When a comparison shows agreement between K and Q, the analyst must answer three questions before reaching a conclusion. First: how many characteristics agree, and are they class or individual? Second: how common are those characteristics in the relevant population? Third: what is the probability of the agreement under the prosecution proposition (the K and Q are from the same source) versus the defence proposition (K and Q are from different sources but happen to agree by coincidence)?

These three questions are the structure of the likelihood ratio approach. The LR does not produce a finding of guilt or innocence; it quantifies how much the scientific evidence should shift a rational person's belief about which proposition is more probable. An LR of 10,000 for a fibre comparison means the observed agreement is 10,000 times more probable if the fibres came from the same source than if they came from different sources in the relevant population. Communicating that number accurately, and its uncertainty, is the analyst's job.

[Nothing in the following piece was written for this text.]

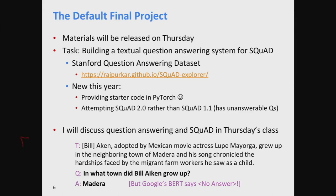There's this extra significant challenge: working out whether a question has an answer. This is just one example to give you a sense of what SQuAD is like. There's a paragraph of text — Bill Aiken, adopted by Mexican movie actress Lupe Mayoria, grew up in the neighboring town of Madeira, and his songs chronicled the hardships faced by the migrant farm workers he saw as a child. The question is: in what town did Bill Aiken grow up? And the answer you're meant to give is Madeira.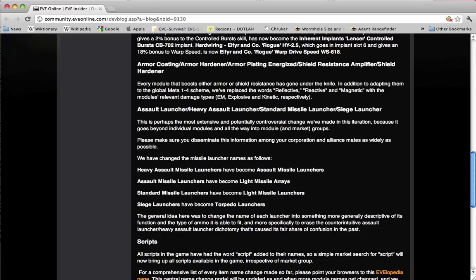Standard missile launchers are going to be renamed to light missile launchers. These are frigate sized modules that fire long range frigate missiles. Yes, the same long range frigate missiles.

Controls and reference standards are what give the LR calculation its validity. Without a certified reference material anchoring the refractive index measurement, the numerical agreement between K and Q is meaningless. Without a negative control confirming no contamination, the agreement might be an artefact. Without a positive control confirming the method's sensitivity, a non-agreement cannot be reported as a meaningful exclusion. Every element of the comparison logic rests on the validity of the measurement infrastructure beneath it.